== WHAT THIS TASK INVOLVES ==
An acceptable answer contains every record below, unchanged, and no pictures.

Web page caption snippets
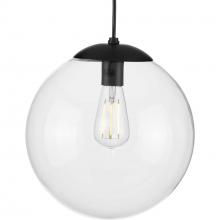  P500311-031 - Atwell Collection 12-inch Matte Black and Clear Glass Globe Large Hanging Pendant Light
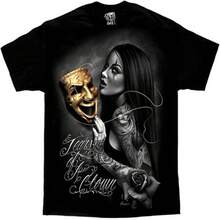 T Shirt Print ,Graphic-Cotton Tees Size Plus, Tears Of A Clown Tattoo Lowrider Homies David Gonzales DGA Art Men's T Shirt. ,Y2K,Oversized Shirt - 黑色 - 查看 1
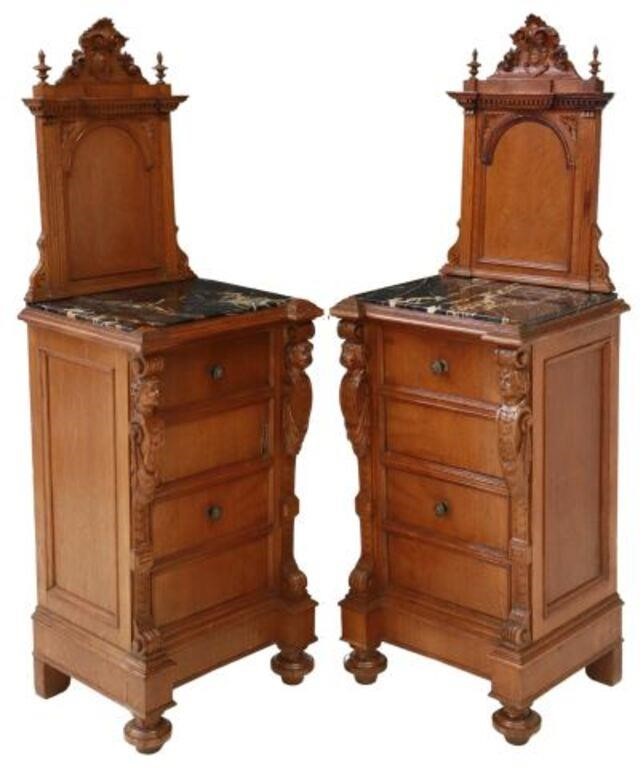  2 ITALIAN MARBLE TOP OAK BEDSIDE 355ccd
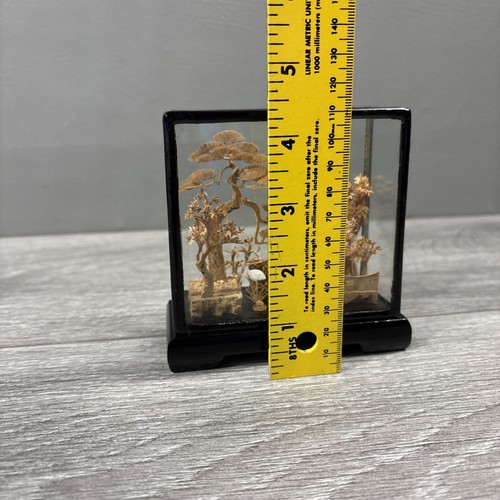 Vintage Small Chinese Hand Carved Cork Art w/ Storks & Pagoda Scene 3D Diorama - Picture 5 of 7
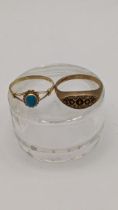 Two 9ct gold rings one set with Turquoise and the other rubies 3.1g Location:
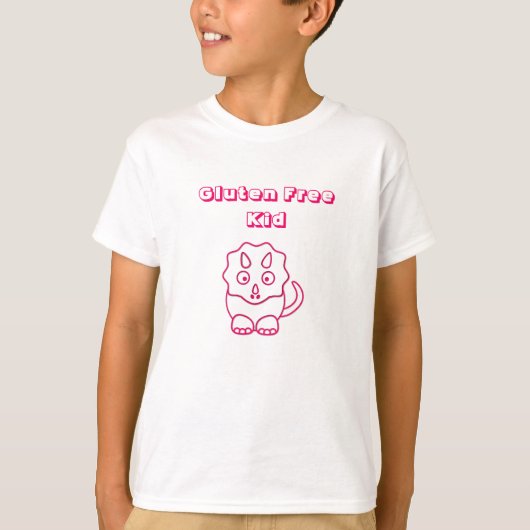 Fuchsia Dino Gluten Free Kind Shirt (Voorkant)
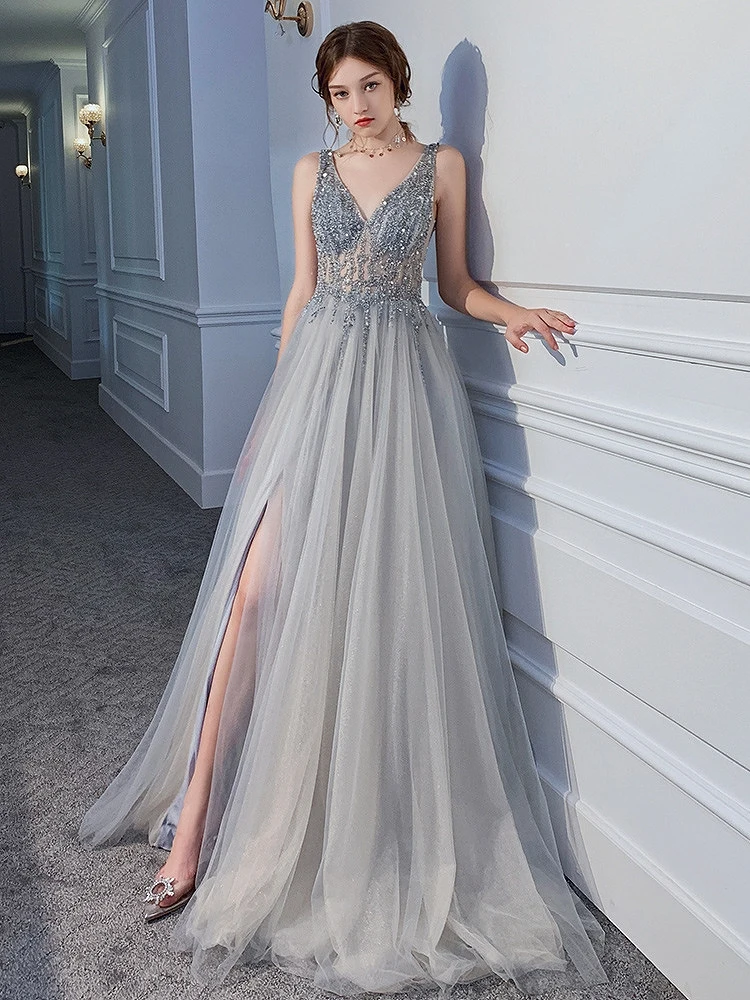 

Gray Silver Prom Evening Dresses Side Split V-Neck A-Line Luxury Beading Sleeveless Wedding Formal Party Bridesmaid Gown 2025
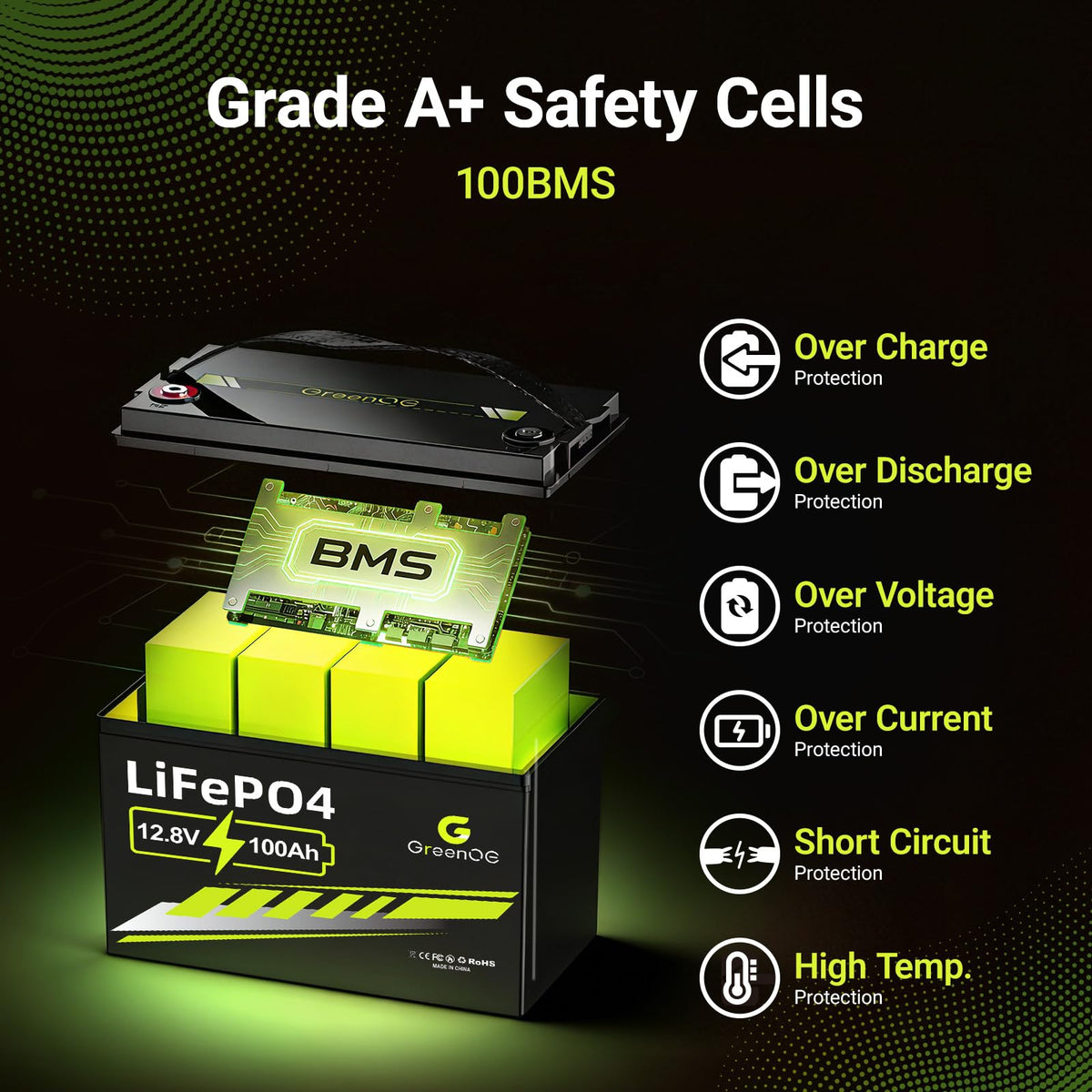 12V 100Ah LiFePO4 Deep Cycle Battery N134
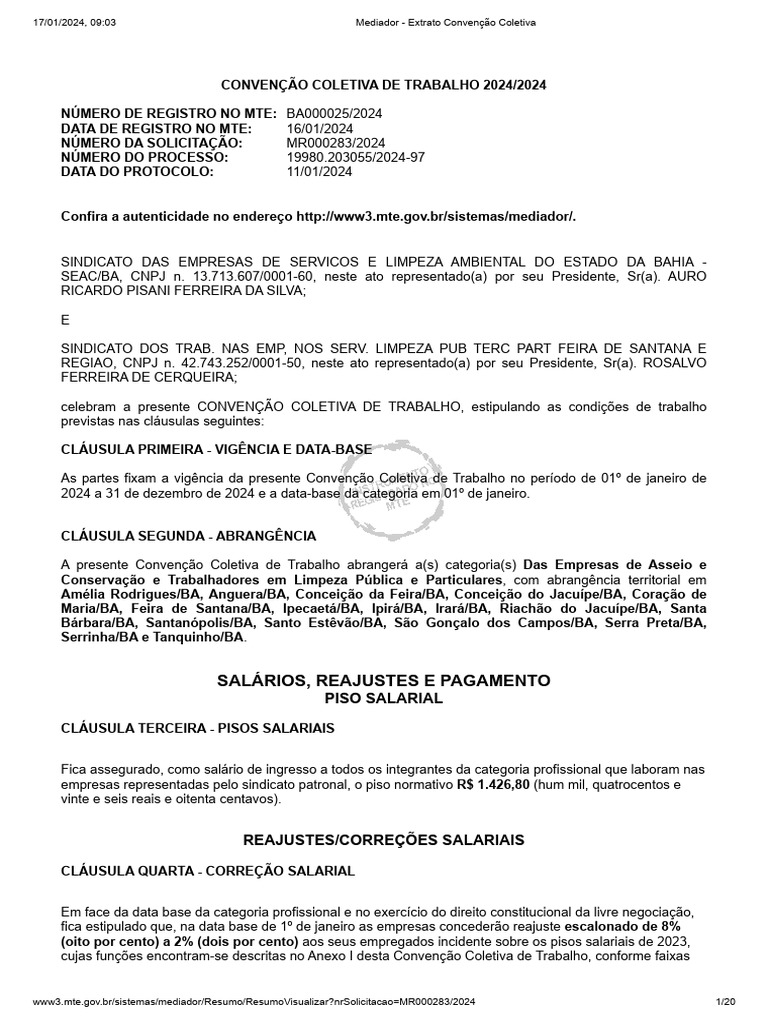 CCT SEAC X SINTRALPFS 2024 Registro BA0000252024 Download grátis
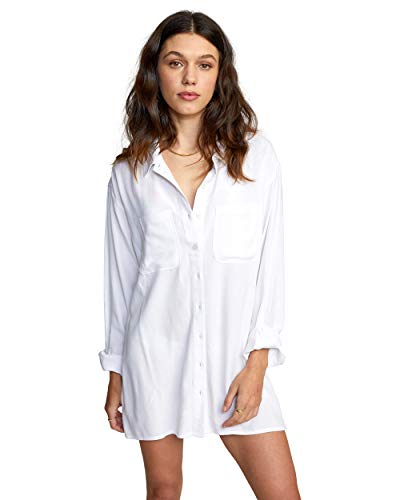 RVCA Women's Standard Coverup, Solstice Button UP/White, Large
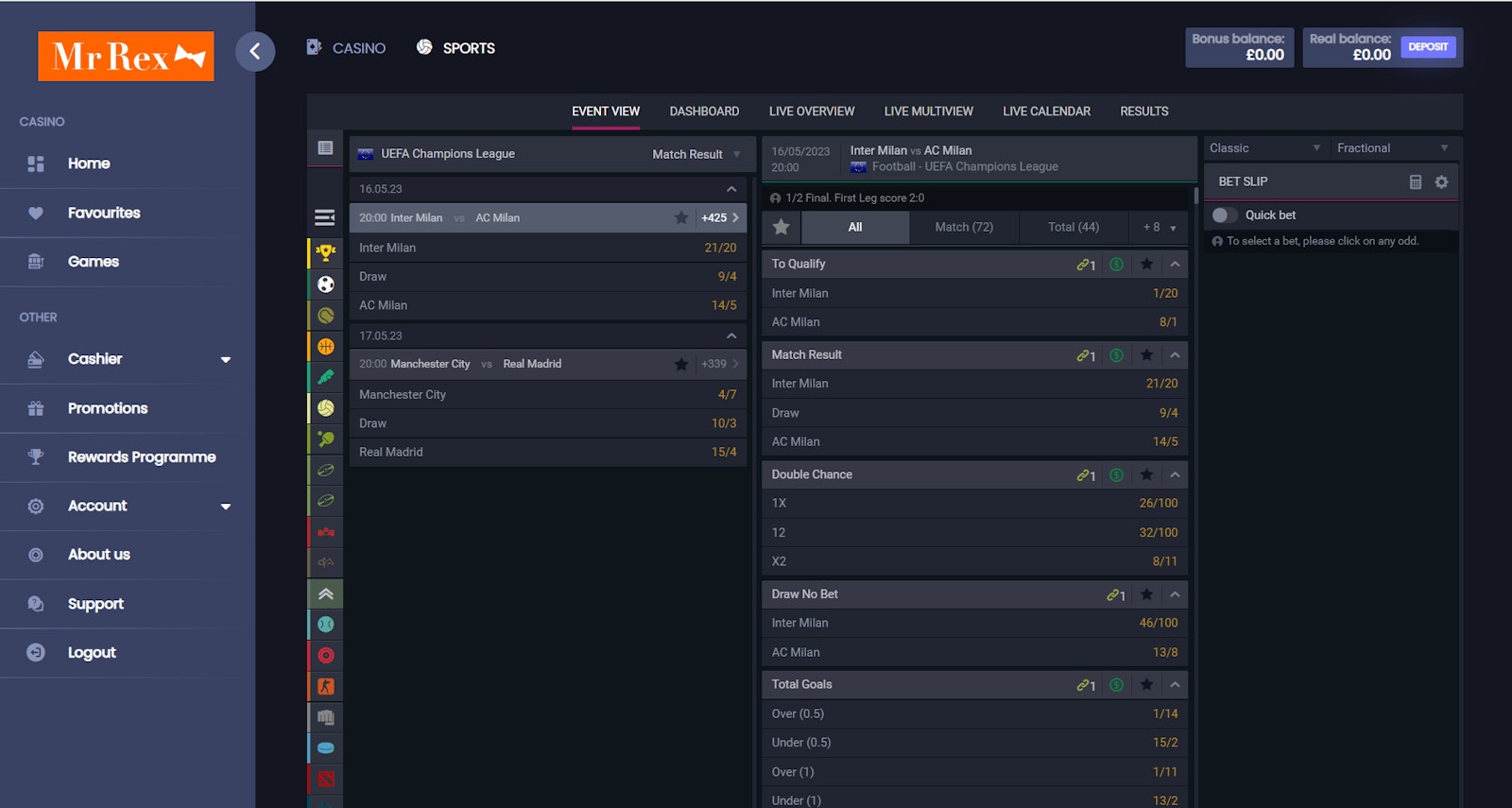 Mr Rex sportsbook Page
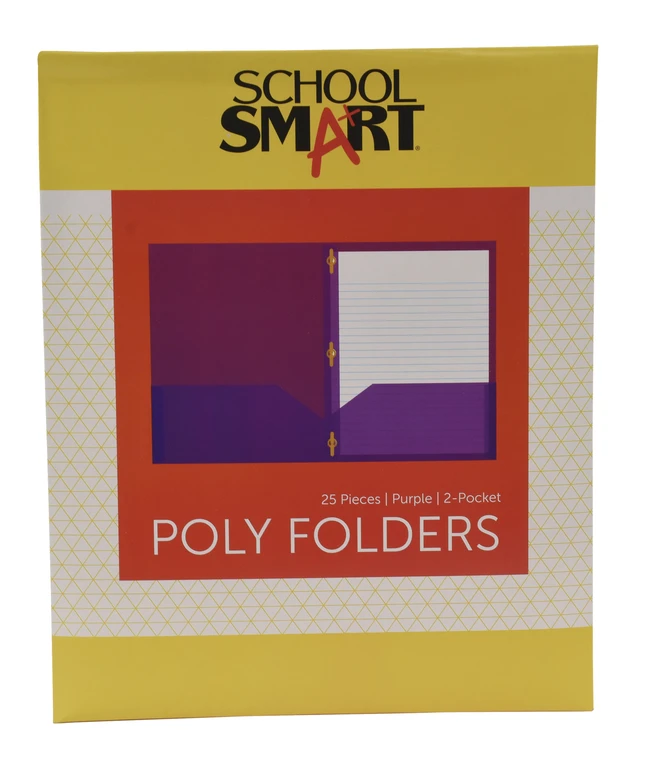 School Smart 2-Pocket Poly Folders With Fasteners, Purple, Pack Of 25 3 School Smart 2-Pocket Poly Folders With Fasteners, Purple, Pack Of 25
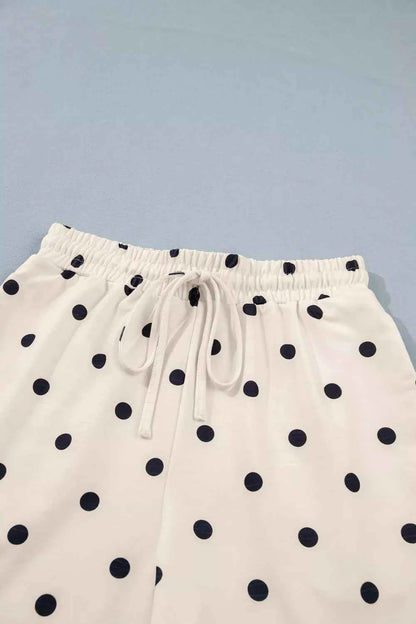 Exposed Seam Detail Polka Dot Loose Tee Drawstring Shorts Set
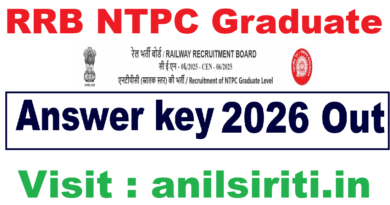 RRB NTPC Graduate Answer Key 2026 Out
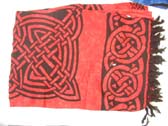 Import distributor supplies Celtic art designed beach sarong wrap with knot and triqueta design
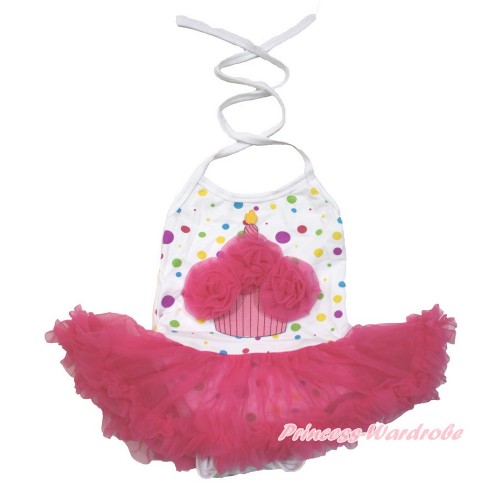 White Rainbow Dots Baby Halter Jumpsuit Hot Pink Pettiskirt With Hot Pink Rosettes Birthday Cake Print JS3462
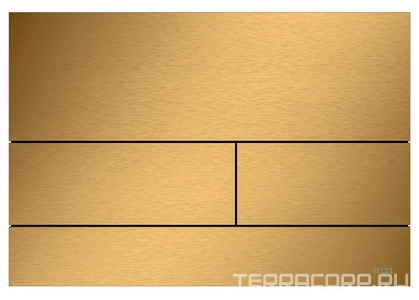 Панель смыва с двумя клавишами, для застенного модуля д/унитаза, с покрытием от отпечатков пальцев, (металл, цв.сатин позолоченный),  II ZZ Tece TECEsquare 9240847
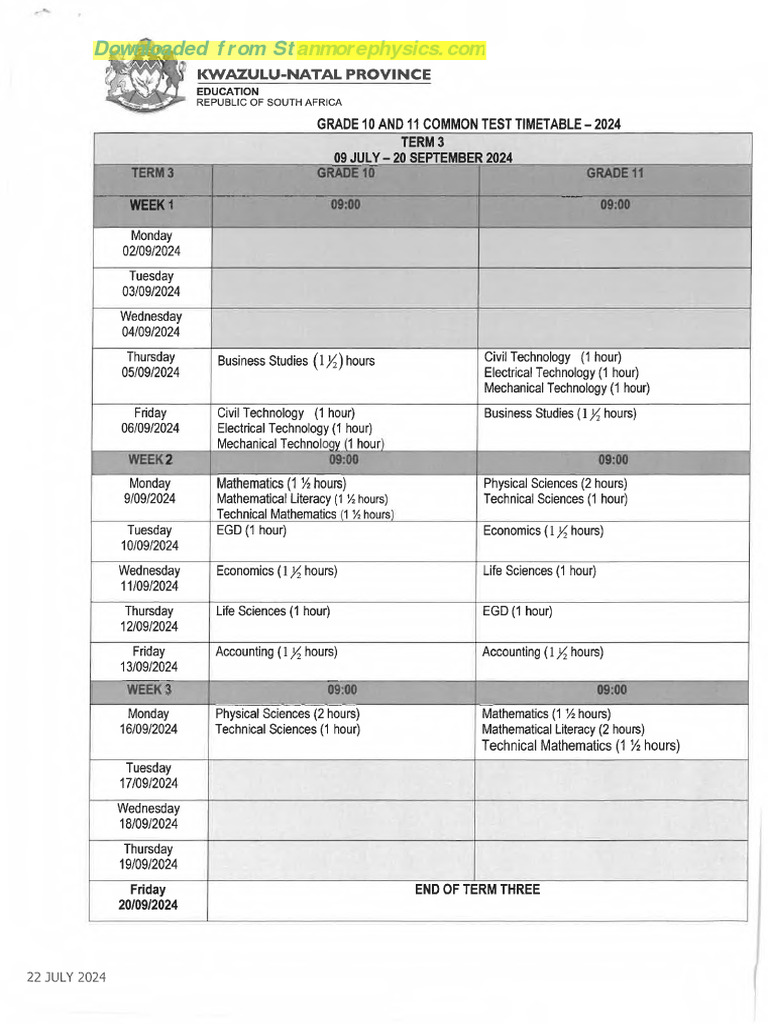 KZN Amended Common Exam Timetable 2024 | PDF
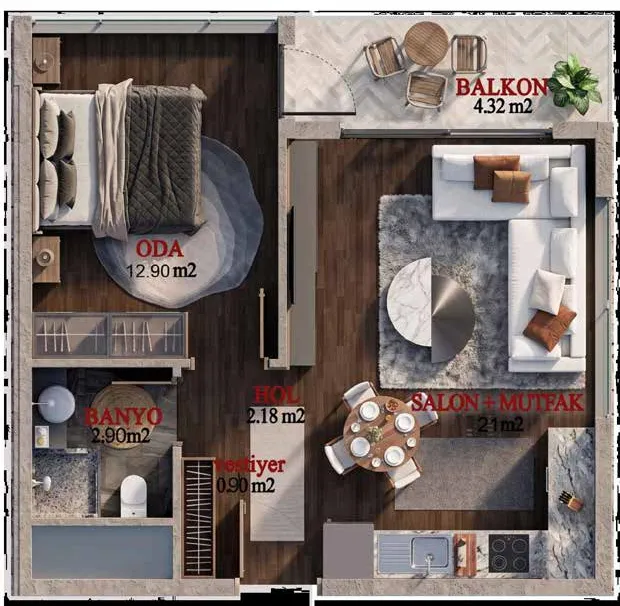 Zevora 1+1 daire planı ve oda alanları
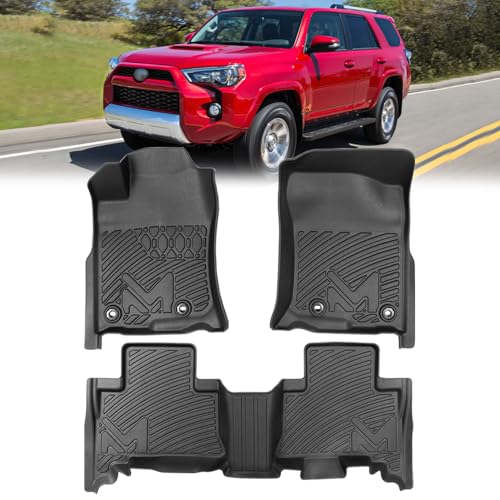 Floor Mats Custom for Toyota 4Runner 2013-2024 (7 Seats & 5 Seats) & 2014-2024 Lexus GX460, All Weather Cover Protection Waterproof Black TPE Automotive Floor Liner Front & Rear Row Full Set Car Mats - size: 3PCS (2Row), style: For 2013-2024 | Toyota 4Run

== OUTPUT OF THE TASK ==
  P500311-031 - Atwell Collection 12-inch Matte Black and Clear Glass Globe Large Hanging Pendant Light
 T Shirt Print ,Graphic-Cotton Tees Size Plus, Tears Of A Clown Tattoo Lowrider Homies David Gonzales DGA Art Men's T Shirt. ,Y2K,Oversized Shirt - 黑色 - 查看 1
  2 ITALIAN MARBLE TOP OAK BEDSIDE 355ccd
 Vintage Small Chinese Hand Carved Cork Art w/ Storks & Pagoda Scene 3D Diorama - Picture 5 of 7
 Two 9ct gold rings one set with Turquoise and the other rubies 3.1g Location:
 Fuchsia Dino Gluten Free Kind Shirt (Voorkant)

Gray Silver Prom Evening Dresses Side Split V-Neck A-Line Luxury Beading Sleeveless Wedding Formal Party Bridesmaid Gown 2025
 12V 100Ah LiFePO4 Deep Cycle Battery N134
 CCT SEAC X SINTRALPFS 2024 Registro BA0000252024 Download grátis
 RVCA Women's Standard Coverup, Solstice Button UP/White, Large
 Mr Rex sportsbook Page
 School Smart 2-Pocket Poly Folders With Fasteners, Purple, Pack Of 25 3 School Smart 2-Pocket Poly Folders With Fasteners, Purple, Pack Of 25
 Exposed Seam Detail Polka Dot Loose Tee Drawstring Shorts Set
 RRB NTPC Graduate Answer Key 2026 Out
 Import distributor supplies Celtic art designed beach sarong wrap with knot and triqueta design
 White Rainbow Dots Baby Halter Jumpsuit Hot Pink Pettiskirt With Hot Pink Rosettes Birthday Cake Print JS3462
 Панель смыва с двумя клавишами, для застенного модуля д/унитаза, с покрытием от отпечатков пальцев, (металл, цв.сатин позолоченный),  II ZZ Tece TECEsquare 9240847
 KZN Amended Common Exam Timetable 2024 | PDF
 Zevora 1+1 daire planı ve oda alanları
 Floor Mats Custom for Toyota 4Runner 2013-2024 (7 Seats & 5 Seats) & 2014-2024 Lexus GX460, All Weather Cover Protection Waterproof Black TPE Automotive Floor Liner Front & Rear Row Full Set Car Mats - size: 3PCS (2Row), style: For 2013-2024 | Toyota 4Run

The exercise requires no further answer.